For now, let’s just declare a vector

// g++ -g -fsanitize=address
#include <algorithm>
#include <numeric>
#include <iostream>
#include <vector>

int main(int argc, char **argv)
{
  const int N = std::atoi(argv[1]);
  std::vector<double> data;
  data.reserve(5); //affects capacity, can store 15 numbers but its size is still 0
  data.resize(N); // real size, capacity >= N

  std::cout << "size: " << data.size() << std::endl;
  std::cout << "capacity: " << data.capacity() << std::endl;
  std::cout << "max_size: " << data.max_size() << std::endl;
  std::cout << "&data[0]: " << &data[0] << std::endl;
  std::cout << "&data[1]: " << &data[1] << std::endl;

  //std::cout << data[-1] << std::endl; // detected by sanitizers address

// initialize the array with even numbers
  int ii = 0;
  auto init  = [&ii](double & x){ x = 2*ii; ii++; };
  std::for_each(data.begin(), data.end(), init);

// print the array
  auto print = [](const double & x){ std::cout << x << "  ";};
  std::for_each(data.begin(), data.end(), print);
  std::cout << "\n";

// compute mean
  std::cout << "Average: " << std::accumulate(data.begin(), data.end(), 0.0)/data.size() << "\n";

// Add more data!
  std::cout << "size: " << data.size() << ", capacity: " << data.capacity() << std::endl;
  for (auto x : {200.0987, 300.987, 400.09754}){
    data.push_back(x);
    std::cout << "size: " << data.size() << ", capacity: " << data.capacity() << std::endl;
  }
  std::for_each(data.begin(), data.end(), print);
  std::cout << "\n";

  return 0;
}

Exercises#

Always try to use the STL, and also use functions to implement the following:

  1. Compute the norm of a vector.

  2. Implement the Gauss 7 point method, storing the weights and the coordinates points in a vector.

  3. Compute the dot product between two vectors. Use std::inner_product.

  4. Assume that a vector represents the coefficients of a n-degree polynomial. Compute the derivative of the polynomial and save the coefficients in another vector.

        data = {1 , 3, 4.5}; // 1*x^0 + 3*x^1 + 4.5*x^2
        newdata = {3, 9.0}; // 0 + 3*x^0 + 2*4.5*x^1
    
  5. Compute the min of a vector.

  6. Compute the max of a vector.

  7. Compute the argmin (index of the min) of a vector

  8. Compute the argmax (index of the max) of a vector

  9. Compute the pnorm

    (17)#\[\begin{equation} \left(\sum_{i} x_{i}^{p}\right)^{1/p} \ . \end{equation}\]
  10. Read the contents of a large file into a vector. Compute and print the mean, the median, the 25, 50, 75 percentiles, the min value, and the max value.

  11. Use the standard algorithm sort to sort a data array.

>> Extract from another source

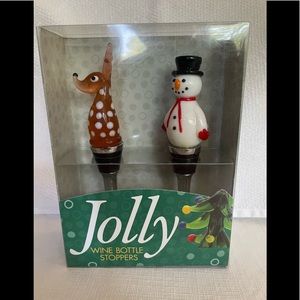 Jolly Wine Bottle Stoppers New in the box.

  12. Fill a vector with random numbers

        // llenar un vector con numeros aleatorios
        
        #include <iostream>
        #include <string>
        #include <vector>
        #include "random_vector.h"
        
        int main(int argc, char **argv) {
        
          // read variables
          if (argc != 2) {
            std::cerr << "Usage: " << argv[0] << " N" << std::endl;
            std::cerr << "N: size of the vector" << std::endl;
            return 1;
          }
          const int N = std::stoi(argv[1]);
        
          // set the vector
          std::vector<double> data;
          data.resize(N);
        
          // fill the vector
          fill_randomly(data);
        
          // print the vector
          std::string fname = "data.txt";
          print(data, fname);
        
          return 0;
        }
    
  13. Create a vector of ints, and then use std::shuffle to randomly shuffle it.

  14. Use a vector to compute the counter histogram for some data read from a file.

  15. Histogram from random numbers, saving to file. Write a program that generates N random numbers , with the weibull distribution and a given seed. Both N, the seed, and the weibull parameters must read from the command line. Also, you must compute the histogram and print it to a file.